Youth Leaders or Those Involved in Youth Ministry

There are 3 types of youth work leaders, very generally. First up, you have the key core group – these are the ‘elders’ as it were of the youth work, they are usually youth specialists and have a real burden for this work. Secondly, you have other youth workers passionate for the work with students, but not necessarily those who will (yet) take the key decisions. They are involved in the decision making process, however. Finally, you have what I describe as youth work helpers. These are those willing to lend their support to the youth work, but aren’t really youth specialists. They tend to be involved in a limited way. 

Within your youth work, you must have a balance of all these types of people. I’ve seen too many youth ministries with alleged ‘leaders’ who really shouldn’t be in youth work at all, those who’ve been roped in, or ‘involved’ by youth pastors seeking to involve people in the work. Be careful how you balance your leaders. Sometimes it is better to have less ‘leaders’ and do less ‘ministry’ than simply involve anyone, regardless of youth work passion or ability. But remember that people do ‘grow’ into the work. Make space for this too, so helpers can grow into real leaders, where appropriate. But be very careful not simply to ‘involve’ people. This doesn’t create a very focused youth ministry. 

For example, how many of your youth leaders spend time (appropriately) with young people, outside of the youth groups they are involved in? By this I mean, do they meet up for coffee? Do they chat to the young people in church? If young people see them out in town, do they come over to chat or hang out even? There are 2 youth ministries I know. One is full of youth workers who love to chat to, disciple and be with young people – and this is reciprocated. This youth ministry is fun, growing and sees large numbers of young people attend and grow spiritually. I know of another where youth leaders and young people rarely engage with each other outside of the sessions. Maybe you need to give some consideration to yourself, as the main youth leader and how you relate to young people / how they relate to you. You need to be setting an example, encouraging and maybe even training / praying for your leaders to be more young people focused throughout the day, not just in sessions. If you do, watch your youth work really grow in depth, care and love – and prayerfully, numerically too. 
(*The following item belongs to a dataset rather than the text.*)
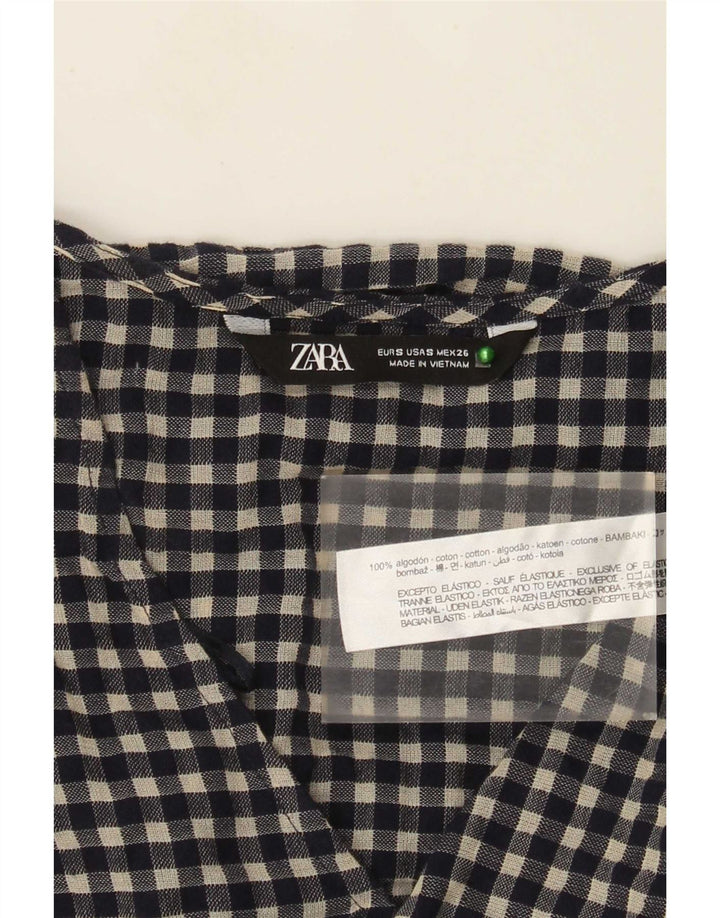 Zara ženska osnovna haljina dugih rukava UK 10 Mala tamnoplava pamuk od ginghama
Question: which young people are already showing leadership gifting? How can they be mentored through effectively?

Consider informal contracts

This gives a clear indication of the leader’s responsibilities etc. along with the limits and discipline/complaint structures. If you do this, it can help. The contract can be simply drawn up within a single page and is signed at the bottom. You can have a ‘probationary’ time period so that people don’t feel tied down, or fix for 6 month / 1 year period. You don’t have to do this kind of thing and it is not about becoming rigid and inflexible. Instead, like the 10 Commandments, they are a set of guidelines to be obeyed in order to protect the youth worker and the young people, and to inspire them within limits. 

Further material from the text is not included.